Paddy O'Toole from Quinns said the contracts were a response to the lack of bank funding for farmers who were interested in growing the energy crop.

"Potential growers were finding that banks would not approve funding," he explained.

"We were looking at the acreage of new growers as being little or nothing this year, which would have been a disaster.

"This contract means there is no financial investment by the grower and he has a guaranteed return from the crop."

Also Read

Under the new contract, new growers would sign up for a period of between seven and 10 years for an acreage of 10-75ac.

The farmer would mandate his Department of Agriculture establishment grant, worth around €500/ac to Quinns of Baltinglass.

In return, Quinns will supply and plant the crop and provide the expertise for maintaining it.

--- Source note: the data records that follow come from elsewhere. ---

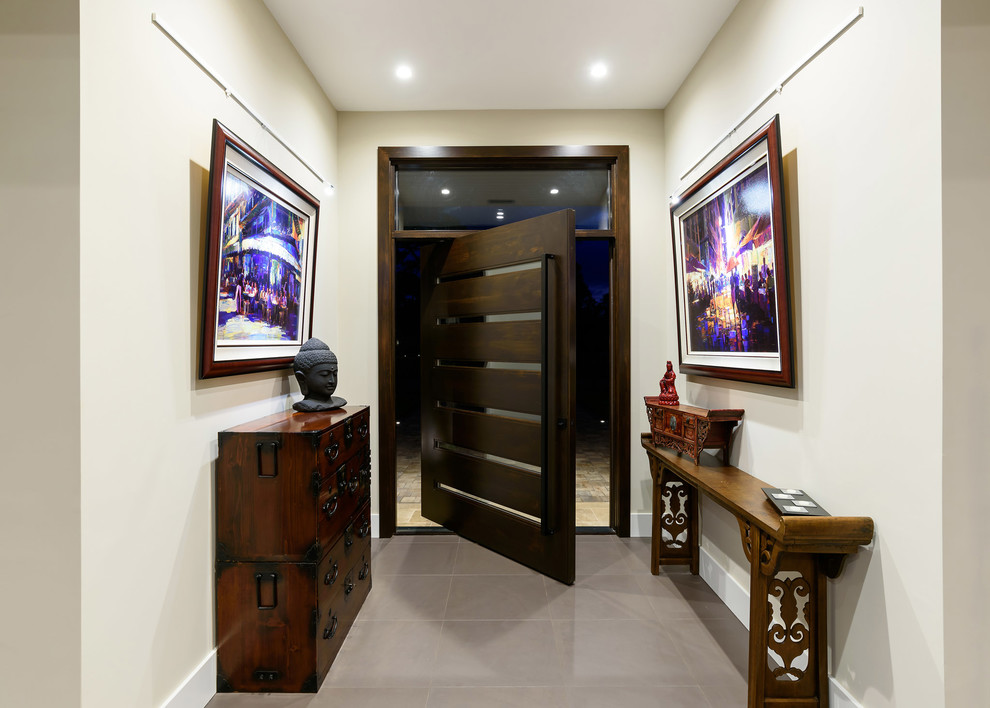 ジャクソンビルにあるラグジュアリーな広いアジアンスタイルのおしゃれな玄関ドア (白い壁、磁器タイルの床、濃色木目調のドア、グレーの床) の写真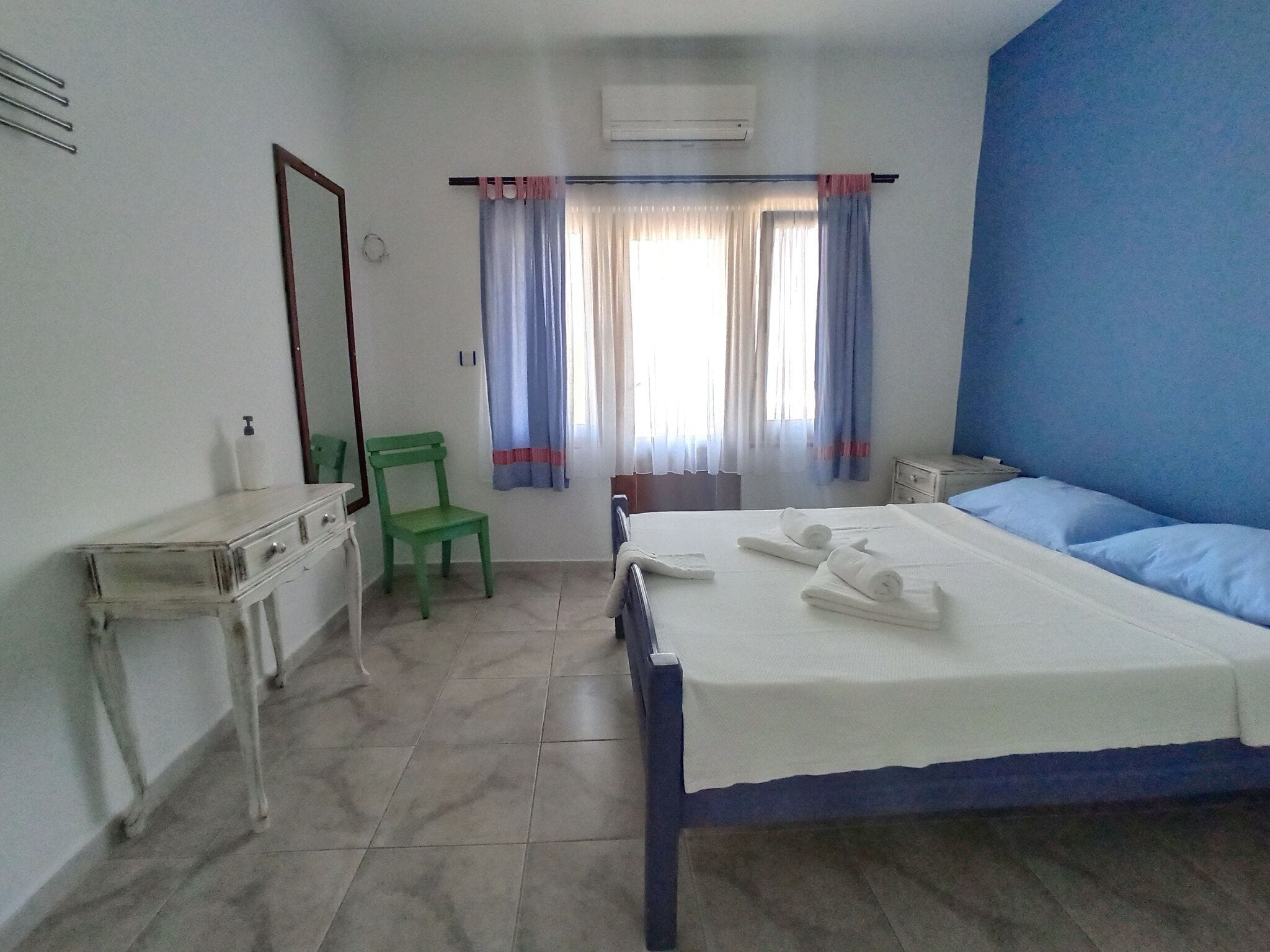 A bedroom with a bed, a chair, a desk, a mirror, and curtains.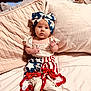 Emerson Rae is registered to the contest to win money with this photo: baby, bed, blanket, blue, bow, child, clothing, cozy, cute, footwear, headband, indoor, infant, pillow, portrait, red, soft, stars, stripes, white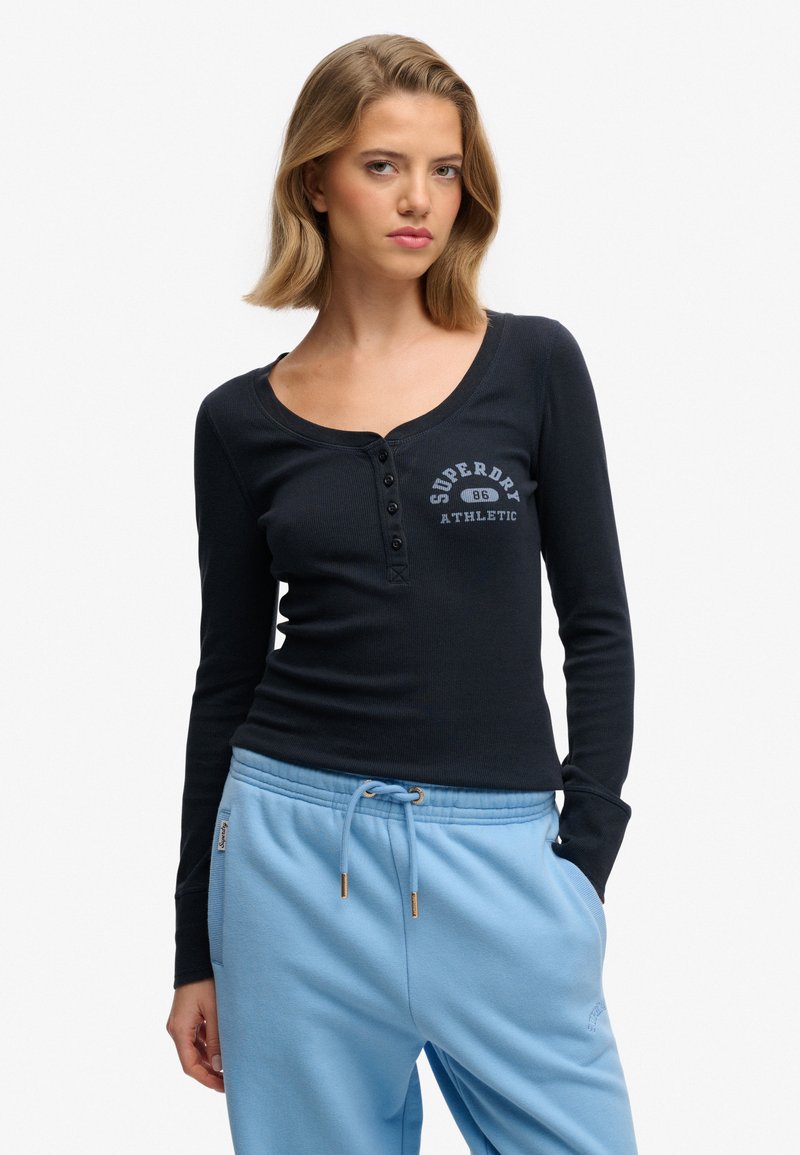 T-shirt noir à manches longues avec un col arrondi, des détails à boutons et un graphisme blanc "Superdry Athletic" sur la poitrine, assorti à un pantalon de jogging bleu.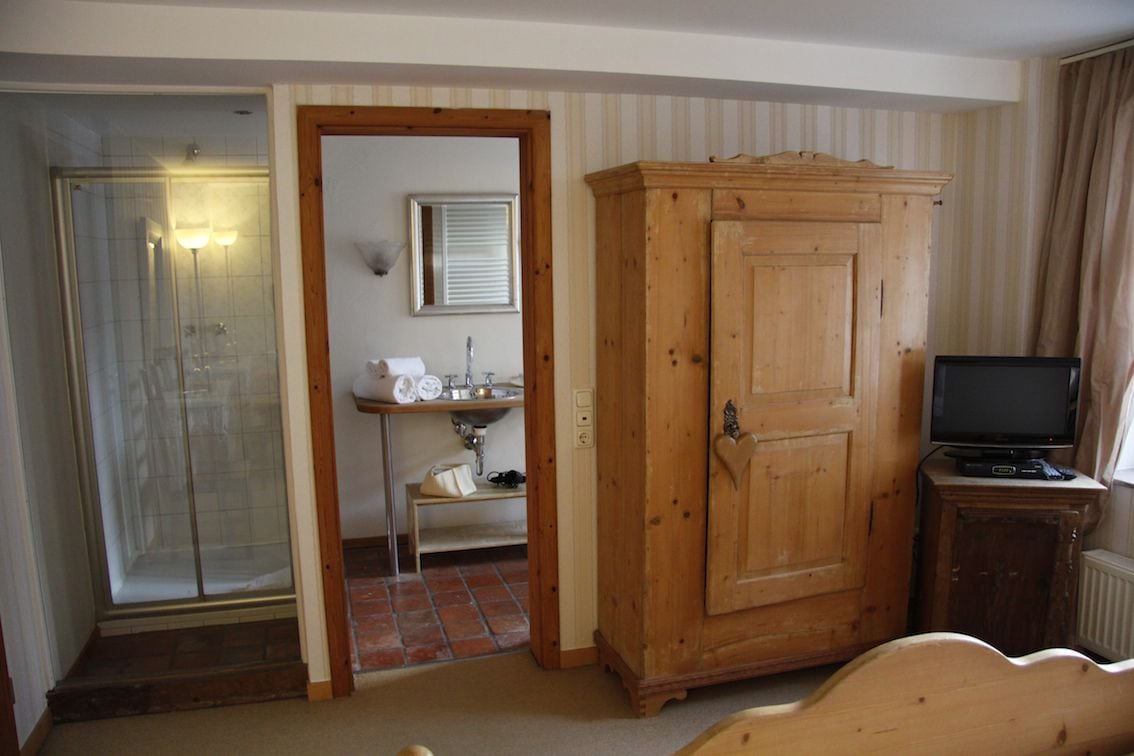 A bathroom with a shower, sink, and cabinet.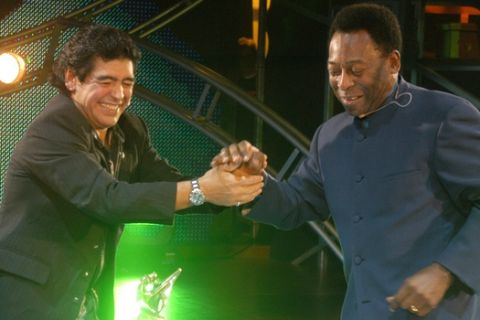 In this photo released by Canal 13, retired soccer legends, Argentina's Diego Maradona, left, and Brazilian Pele, shake hands during the premiere of Maradona's television show, "La Noche del 10" ("The Night of 10") in Buenos Aires, Monday, Aug. 15, 2005. Maradona hosted the star-studded TV talk show where Pele was the kickoff guest. The program, aired by local channel 13, was also graced by Argentine former tennis player Gabriela Sabatini and soccer player Gabriel Batistuta, and Italian actress Maria Grazia Cuccinota. (AP Photo/Canal 13)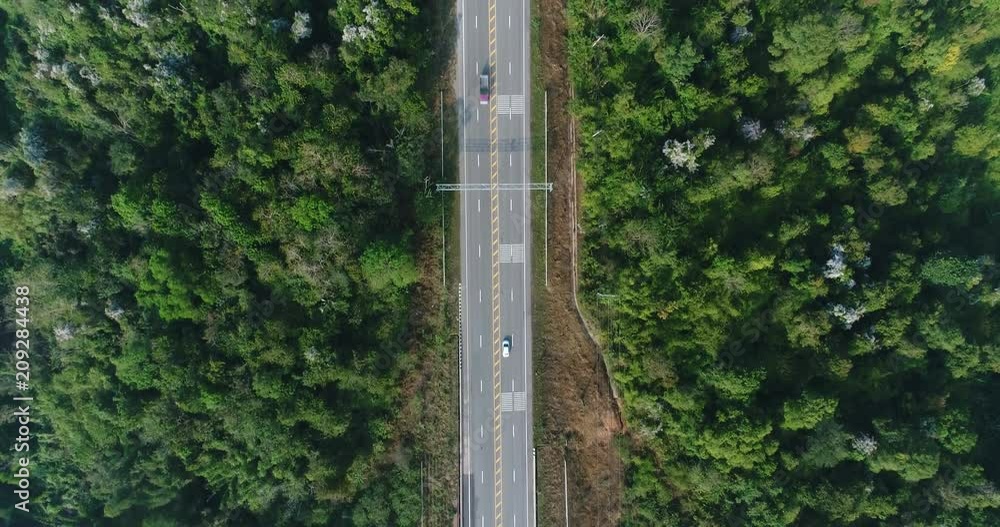 Aerial view country road in forest Aerial view country road in forest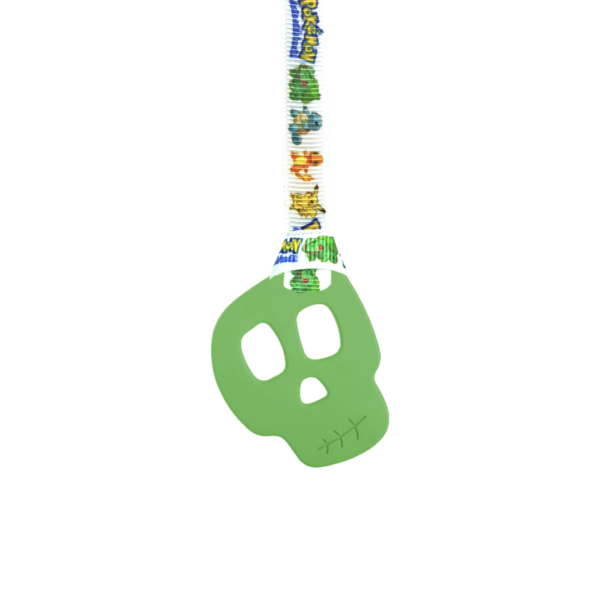 Green skull chew necklace on pokemon lanyard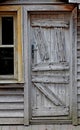 Obsolete wooden door of very old house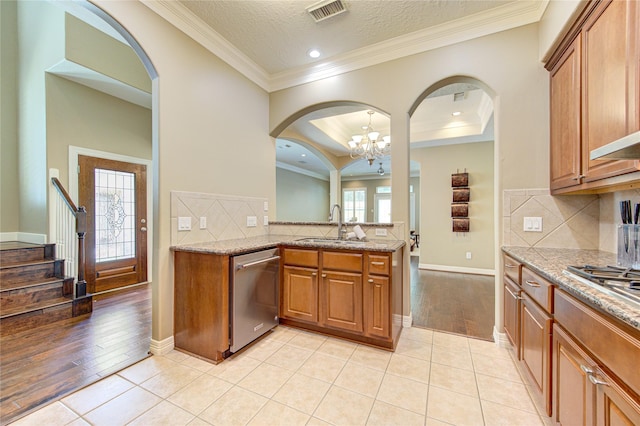 1415 Baldwin Square Ln, Houston, TX 77077 - kitchen with stainless steel appliances, brown cabinetry, light stone countertops, decorative backsplash, and a chandelier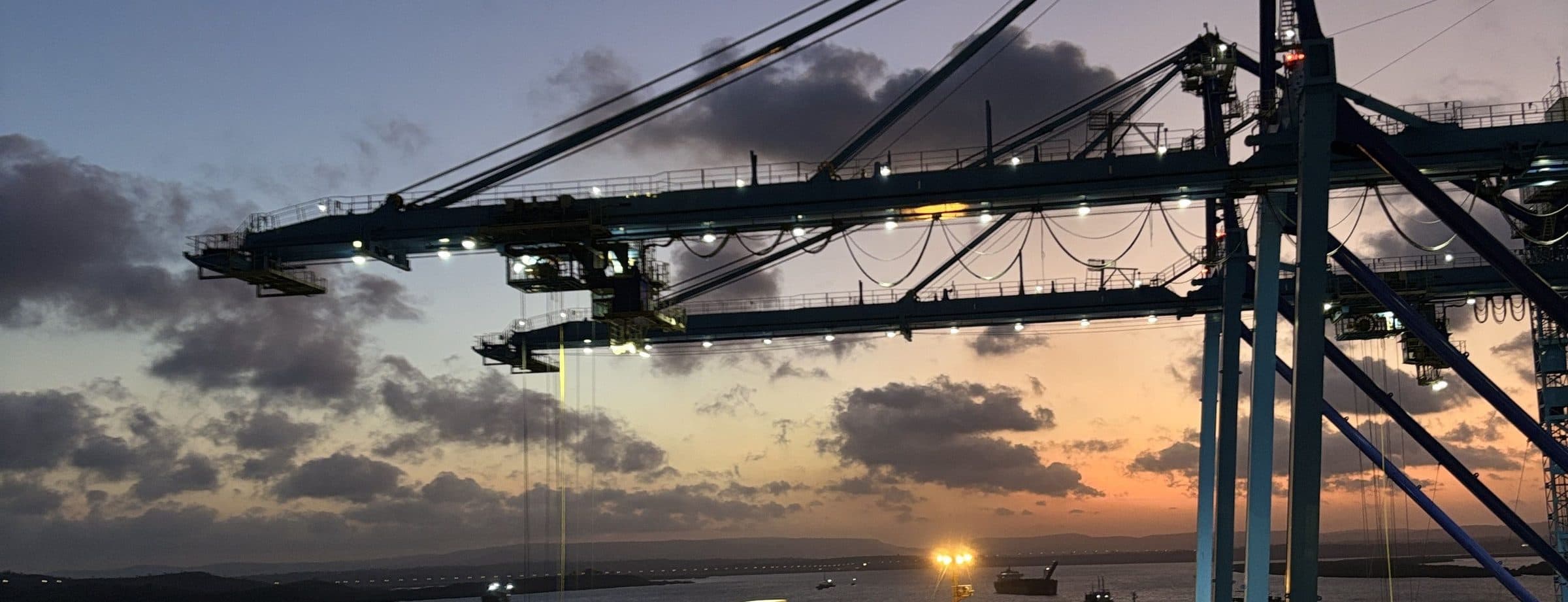 Port crane over a container ship at dusk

The company will pay farmers an annual payment of €100/ac from year one to the last year of the contract, even though there would be no crop harvested for the first two years.

The €100/ac annual payment is expected to be linked to the consumer price index for the period of the contract.

The new contracts are open to farmers in the Leinster area and are only available for arable land.


Teagasc bioenergy expert Barry Caslin said the contracts offered growers minimum risk, with no upfront costs and payment in the early years when the crop was not harvested.

He added that the contract compared favourably with renting out land or planting it under cereals.

"Cereal margins have been negative for the last two years, compared to the €100/ac being offered on contract," he said.

"Also, the farmer is still in control of his land, he's not leasing it out."